- DATA
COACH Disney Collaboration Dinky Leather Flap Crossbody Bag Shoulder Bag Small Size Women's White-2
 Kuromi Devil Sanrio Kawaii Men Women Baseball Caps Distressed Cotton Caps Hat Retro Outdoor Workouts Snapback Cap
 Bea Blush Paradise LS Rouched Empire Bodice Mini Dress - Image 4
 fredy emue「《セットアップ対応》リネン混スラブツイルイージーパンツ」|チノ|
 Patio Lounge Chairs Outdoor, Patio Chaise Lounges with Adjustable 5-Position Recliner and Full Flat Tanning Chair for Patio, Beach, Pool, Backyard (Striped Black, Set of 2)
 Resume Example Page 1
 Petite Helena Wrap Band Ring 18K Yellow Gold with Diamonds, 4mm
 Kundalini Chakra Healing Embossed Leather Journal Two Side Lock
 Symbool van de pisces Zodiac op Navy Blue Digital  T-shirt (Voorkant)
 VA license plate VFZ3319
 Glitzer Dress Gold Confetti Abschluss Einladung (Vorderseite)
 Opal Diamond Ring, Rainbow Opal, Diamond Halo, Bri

- ABOUT THIS TASK
Take the lines from the first line of the records through the line holding "fredy emue「《セッ", both included, and please reproduce them exactly with nothing added.

- RESULT FOR THIS TASK
COACH Disney Collaboration Dinky Leather Flap Crossbody Bag Shoulder Bag Small Size Women's White-2
 Kuromi Devil Sanrio Kawaii Men Women Baseball Caps Distressed Cotton Caps Hat Retro Outdoor Workouts Snapback Cap
 Bea Blush Paradise LS Rouched Empire Bodice Mini Dress - Image 4
 fredy emue「《セットアップ対応》リネン混スラブツイルイージーパンツ」|チノ|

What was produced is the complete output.